Cambridge Univ. Press ; ISBN: 0521890802 ; (2003/03/13) amazon.co.jp

 

著名なフラウト・トラヴェルソ奏者、レイチェル・ブラウンによるバロックから古典派のフルートの演奏ガイド。ケンブリッジ大学の歴史的演奏実践ハンドブック・シリーズの一冊として発行された。J. Solumの同名の著書(1992)を除いては総合的なフラウト・トラヴェルソの現代版の教則本がないので、待望の1冊である。本書はハンディーな130ページ余りのガイドブックであり、歴史的な資料(オリジナルの教本など)と楽器の歴史をバロック初期からベーム式の近代フルートまで概観した後、演奏上の技術的な事柄を詳しく説明している。(フルート自体の歴史については、演奏家であり、古典フルートの著名な製作者であるArdel Powellによる「The Flute」が、古代から現在まで詳しく書かれていて参考になる)

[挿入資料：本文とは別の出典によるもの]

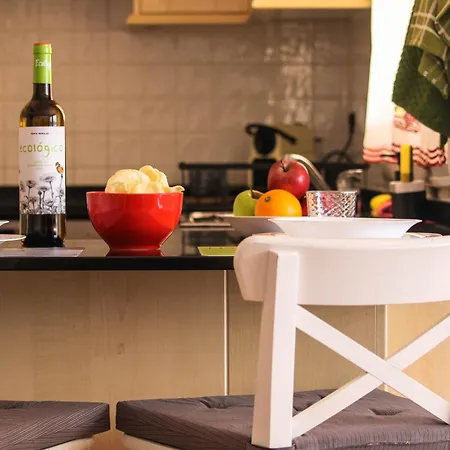 Casa Lara Fuerteventura Corralejo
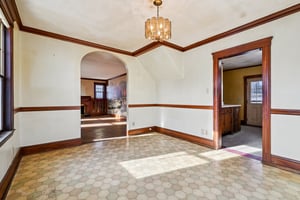 16A Willard St-S2901-011.jpg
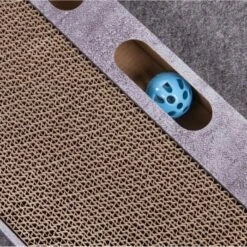 Canadian Cat Company Spielteppich Cosmo 14 Canadian Cat Company Spielteppich Cosmo -Ruffwear Magasin ef31106bd10b38ca8de6b37a01f48024e1296026 1625368 de DE c1468735ddff6abc9f3285cd5bc078a14511ab04WrslvX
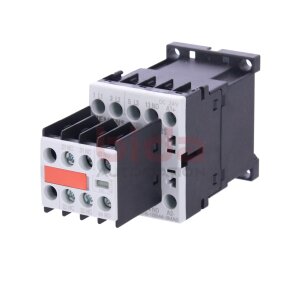 Siemens 3RT1016-1BB44-3MA0 / 3RT1 016-1BB44-3MA0...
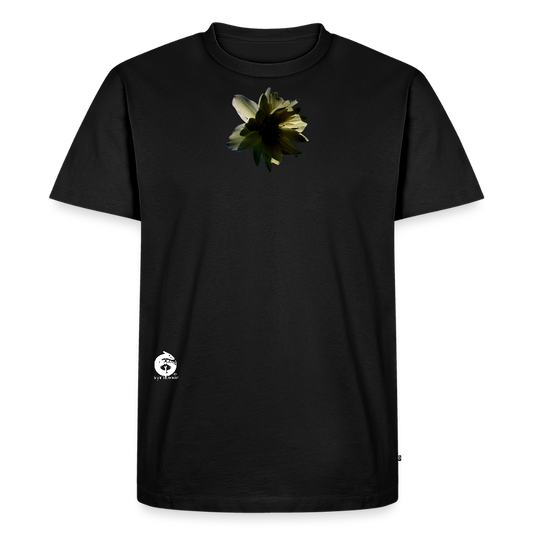 Men's Style Premium T :: - black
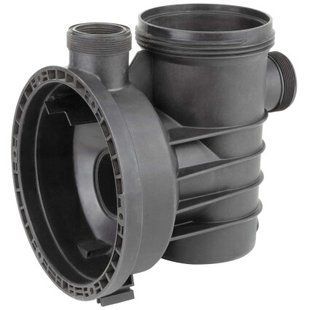 Корпус&nbsp;насоса&nbsp;Aquaviva SWIM&nbsp;025-150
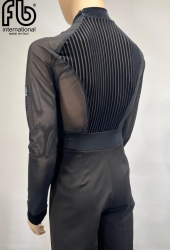 Men's shirt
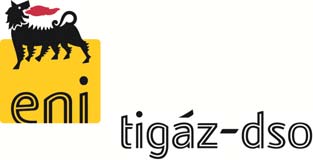 TIGÁZ-DSO Földgázelosztó Korlátolt Felelősségű Társaság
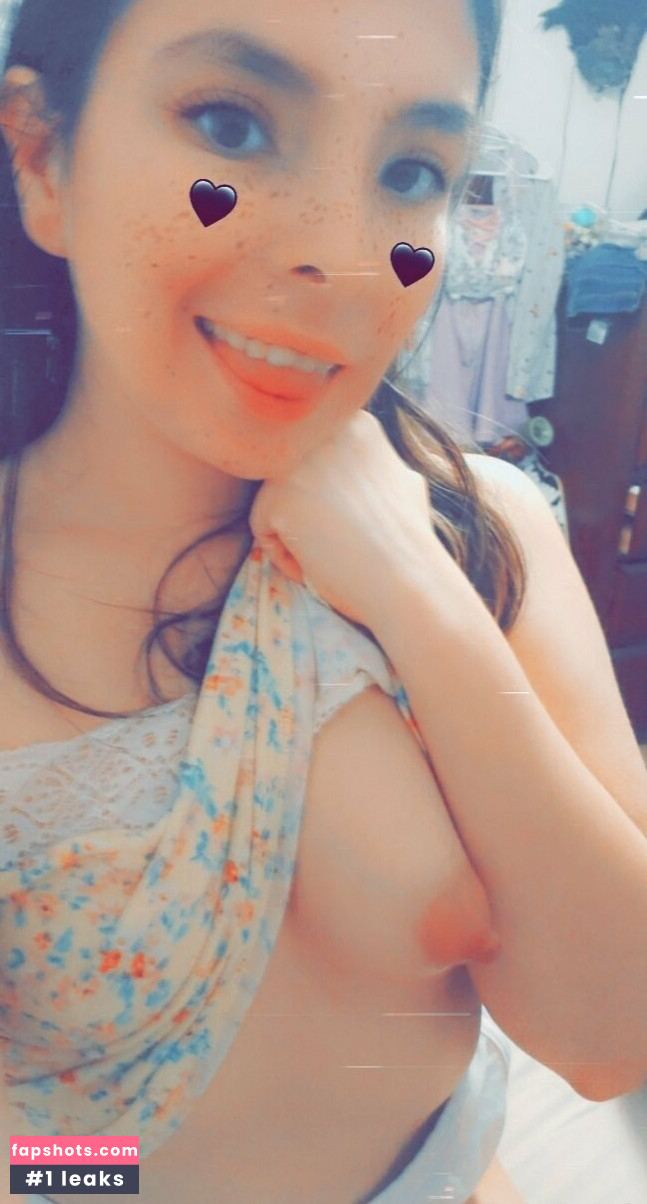 namiwetdreams gallery photo #10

このハンドブックの良いところは、著者が演奏者であるため、短い表現ながら説得力あり、分かりやすい実用的な表現がされていることと、当時の教則本や曲から、多くの実例が掲げられていることで、トライアルをすぐに行える実用性にあると思う。音作りの導入、タンギングやビブラートなどについて特によく書かれている。また、演奏スタイルについては、バロックだけとっても書ききれないくらいの内容があると思うが、様式感、装飾、テンポやフレージングなど、ポイントを絞ってよくまとめられている。これからフラウト・トラヴェルソを演奏しようとする人、歴史楽器や歴史を意識した演奏法(Historical Performance)に興味のある人にとっては手元においておきたいハンドブックである。

ただし、総合的な分だけ、ひとつの時代意識(美学)や様式感に肉薄するのは難しい。著者も言っているように(なかなか手ごろに読めるものはないが)、興味の対象の時代に書かれたフルート演奏法や他の楽器の演奏本などの一次資料に勝るインスピレーションを与えてくれるものは無いと思う。その意味で、バロックのフルート演奏については、30年ほど前に楽器とともに手に入れた、当時のフランスの名演奏家・名楽器製作者J.M. Hotteterre(オトテール)の、極めて実用的で押し付けがましくないフルート教本(英訳)の価値が、改めて感じられる結果になった。まだ、邦訳がないのが不思議である。